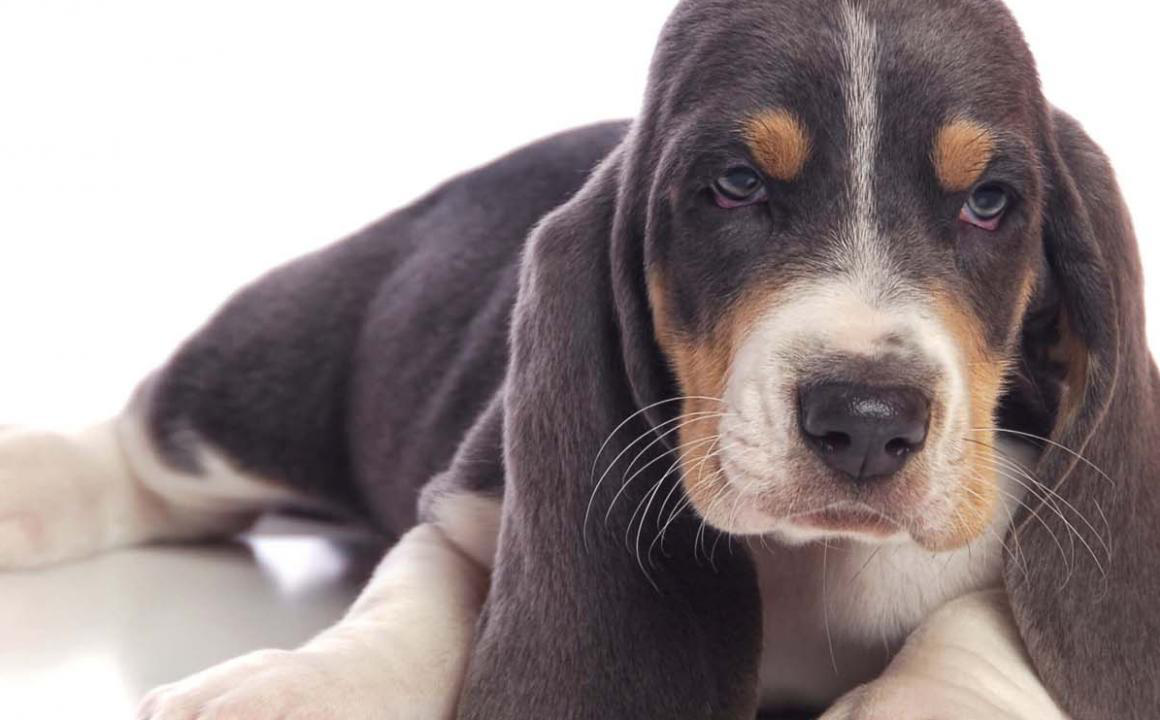 El cachorro Basset-Hound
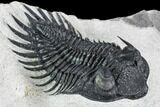 Spiny Delocare (Saharops) Trilobite - Excellent Shell Quality #108259-1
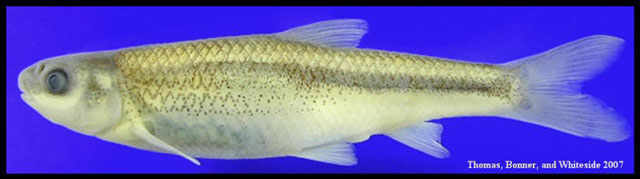 Hybognathus amarus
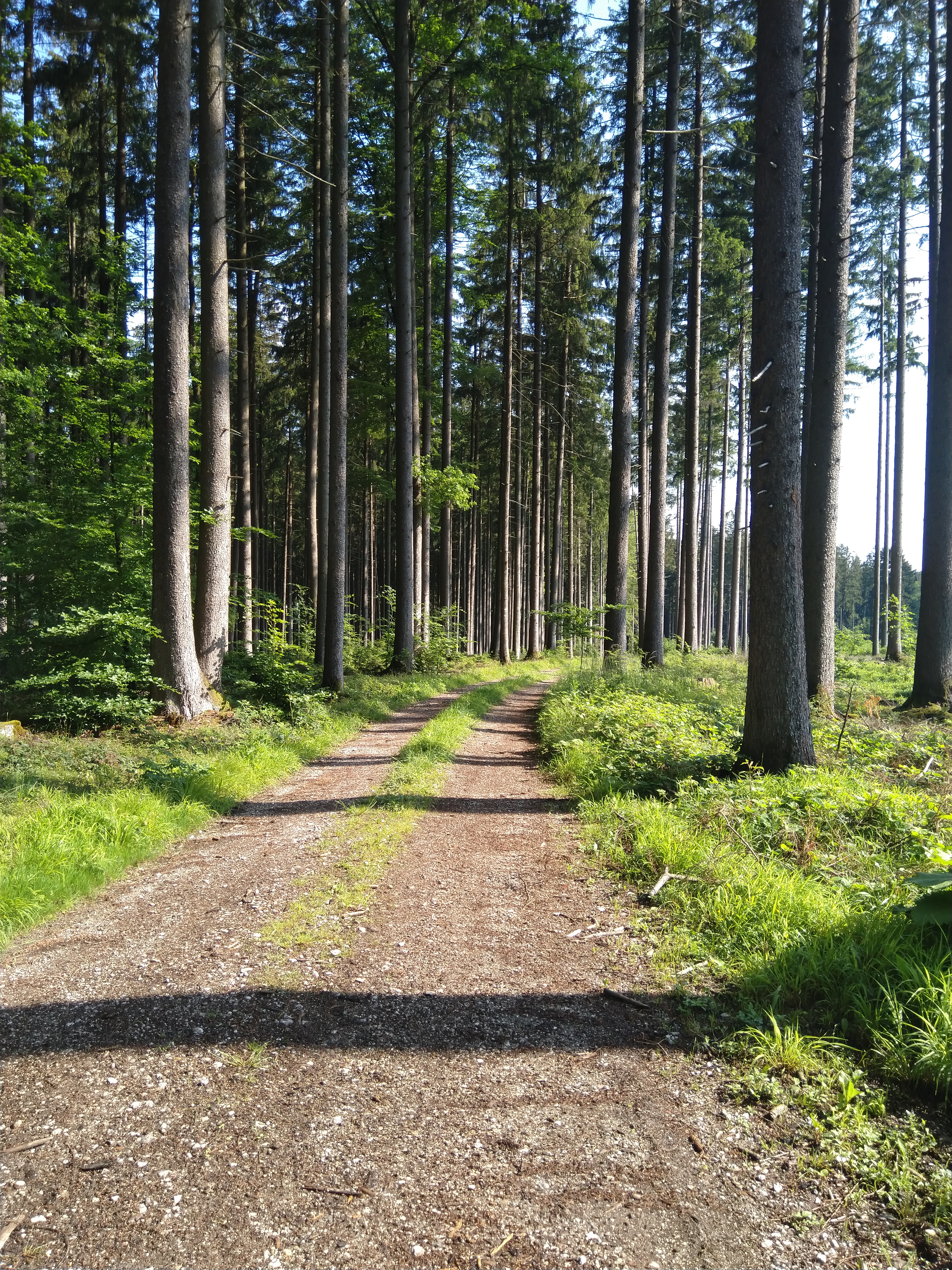 Lichter Waldpfad — Symbol für den persönlichen Weg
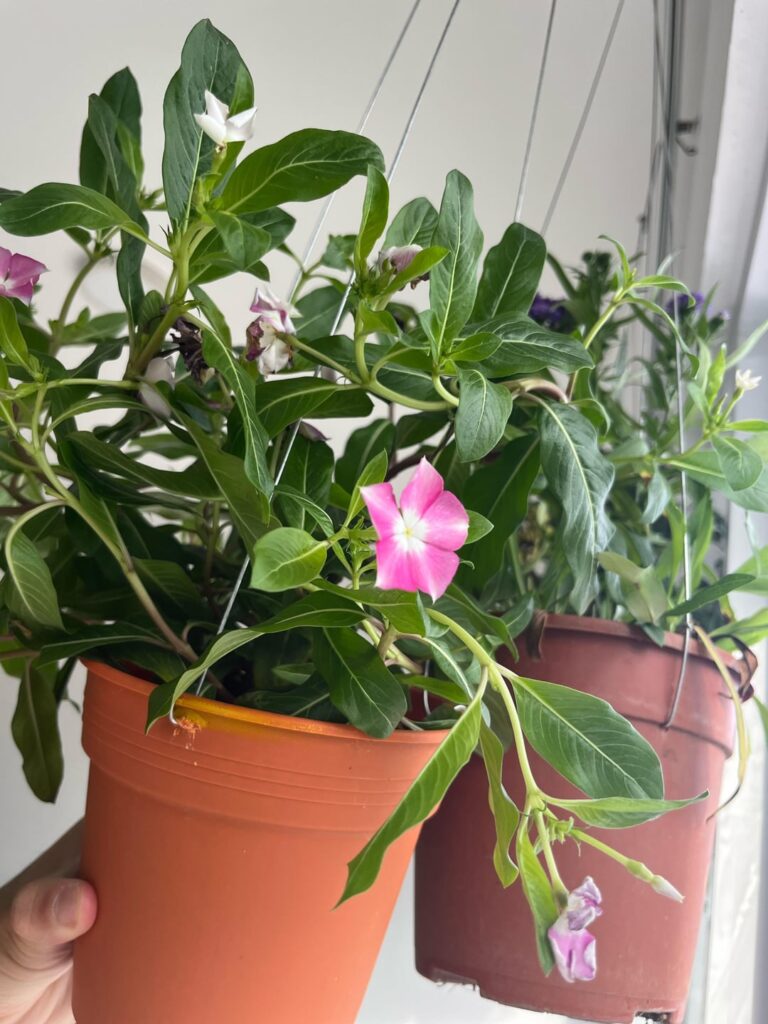 What are these flowers?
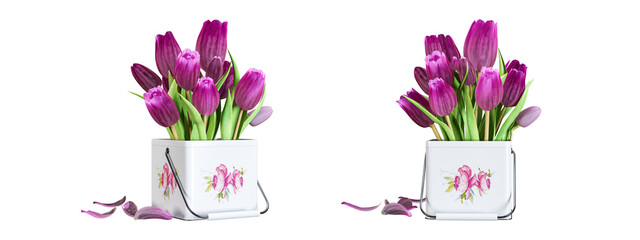 Tulips in a vase on white background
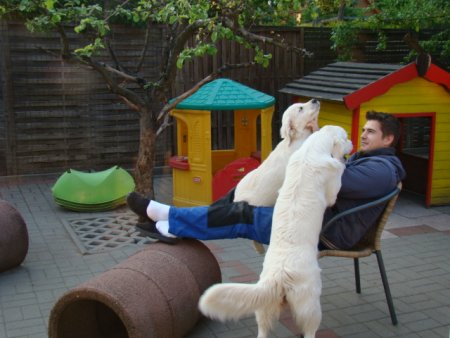 Dsc01835.jpg (34578 Byte)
---------------
_Task description_
Exactly the lines from the one holding "What are these flowers?" through the last line of the entries must be set down, with nothing added and no pictures.

_Exercise solution_
 What are these flowers?
 Tulips in a vase on white background
 Dsc01835.jpg (34578 Byte)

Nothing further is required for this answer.